Task item: Search the entries for the word "Size" and report each line that has it.

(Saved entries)
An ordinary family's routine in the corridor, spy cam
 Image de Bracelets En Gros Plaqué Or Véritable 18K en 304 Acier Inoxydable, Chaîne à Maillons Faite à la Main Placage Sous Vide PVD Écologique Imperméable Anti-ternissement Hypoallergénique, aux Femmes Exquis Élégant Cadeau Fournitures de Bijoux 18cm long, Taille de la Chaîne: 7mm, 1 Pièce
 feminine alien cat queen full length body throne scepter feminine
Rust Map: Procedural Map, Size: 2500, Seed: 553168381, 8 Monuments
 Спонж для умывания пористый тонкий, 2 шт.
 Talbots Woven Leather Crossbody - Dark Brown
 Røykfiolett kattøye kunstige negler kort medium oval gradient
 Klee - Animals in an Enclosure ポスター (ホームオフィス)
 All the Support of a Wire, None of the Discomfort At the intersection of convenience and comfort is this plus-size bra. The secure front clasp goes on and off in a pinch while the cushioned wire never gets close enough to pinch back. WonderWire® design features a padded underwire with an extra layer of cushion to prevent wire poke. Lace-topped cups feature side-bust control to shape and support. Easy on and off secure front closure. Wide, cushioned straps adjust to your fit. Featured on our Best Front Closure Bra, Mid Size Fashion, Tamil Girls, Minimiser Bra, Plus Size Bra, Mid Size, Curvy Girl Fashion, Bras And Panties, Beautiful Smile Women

Task result:
Rust Map: Procedural Map, Size: 2500, Seed: 553168381, 8 Monuments
 All the Support of a Wire, None of the Discomfort At the intersection of convenience and comfort is this plus-size bra. The secure front clasp goes on and off in a pinch while the cushioned wire never gets close enough to pinch back. WonderWire® design features a padded underwire with an extra layer of cushion to prevent wire poke. Lace-topped cups feature side-bust control to shape and support. Easy on and off secure front closure. Wide, cushioned straps adjust to your fit. Featured on our Best Front Closure Bra, Mid Size Fashion, Tamil Girls, Minimiser Bra, Plus Size Bra, Mid Size, Curvy Girl Fashion, Bras And Panties, Beautiful Smile Women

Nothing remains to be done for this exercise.